49. A method for producing renewable resorcinol comprising:

providing a system for producing dihydrophloroglucinol from a renewable carbon source, wherein the system comprises a cell comprising a recombinant nucleic acid that encodes a polypeptide having phloroglucinol reductase activity;

contacting the system and the renewable carbon source, to produce renewable dihydrophloroglucinol; and

contacting the renewable dihydrophloroglucinol and a proton source, to produce renewable resorcinol.

50. The method of claim 49, wherein the method excludes a chemical hydrogenation step.

51. A method for producing renewable resorcinol comprising:

contacting the system and the renewable carbon source in a culture medium, to produce renewable dihydrophloroglucinol;

removing cells and proteins from the culture medium;

contacting the renewable dihydrophloroglucinol and an acid in the culture medium, to produce renewable resorcinol; and

separating the renewable resorcinol from the culture medium.
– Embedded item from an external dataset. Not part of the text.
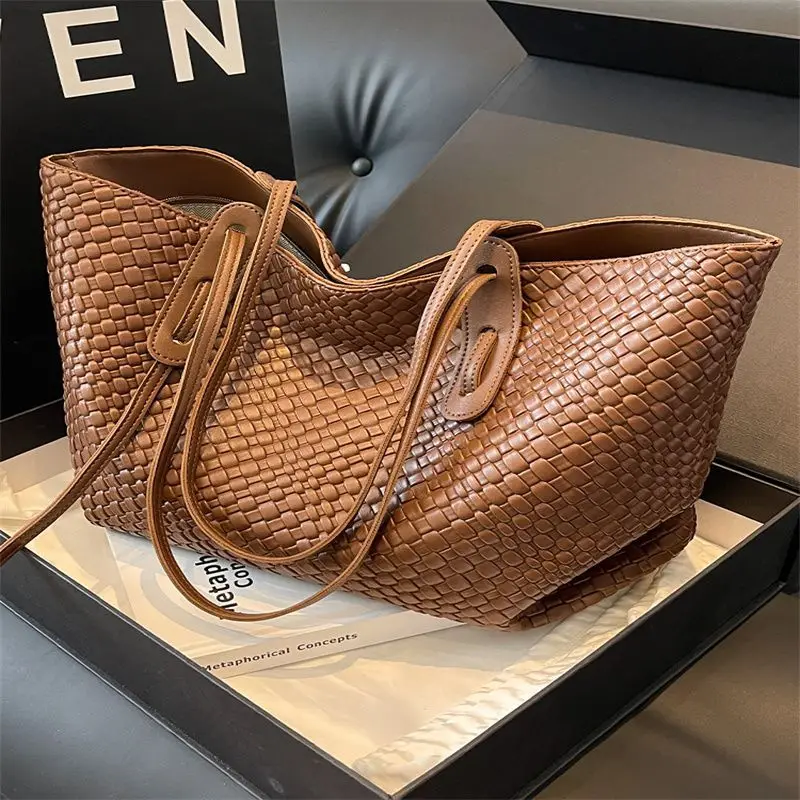

Light Soft Leather Packager Versatile Commuter Bag Women Versatile Fashion 2026 New Summer Work Leisure Shoulder Tote Big Bags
52. The method of claim 51, wherein removing cells and proteins comprises at least one of microfiltration and ultrafiltration.
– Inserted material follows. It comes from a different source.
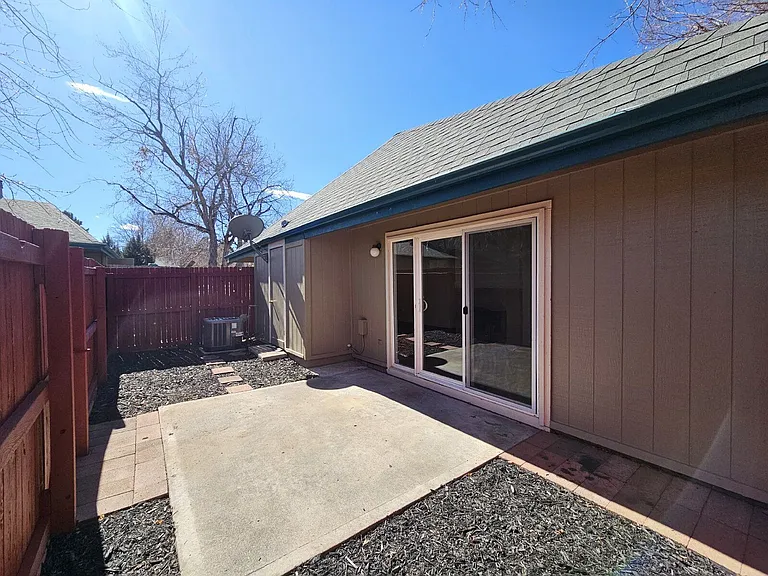5926 S Willow Way — Photo 14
53. The method of claim 51, wherein contacting the renewable dihydrophloroglucinol and an acid comprises at least one of reducing the volume of the culture medium, providing sulfuric acid, refluxing the culture medium, and monitoring the production of renewable resorcinol by HPLC.

54. The method of claim 51, wherein separating the renewable resorcinol comprises at least one of extracting the renewable resorcinol into an organic solvent, evaporating the organic solvent to produce an oil, and distilling the oil to produce white crystals.

55. Purified renewable resorcinol prepared according to the method of claim 49.

56. Purified renewable resorcinol prepared according to the method of claim 51.

57. Purified renewable dihydrophloroglucinol prepared according to the method of claim 21.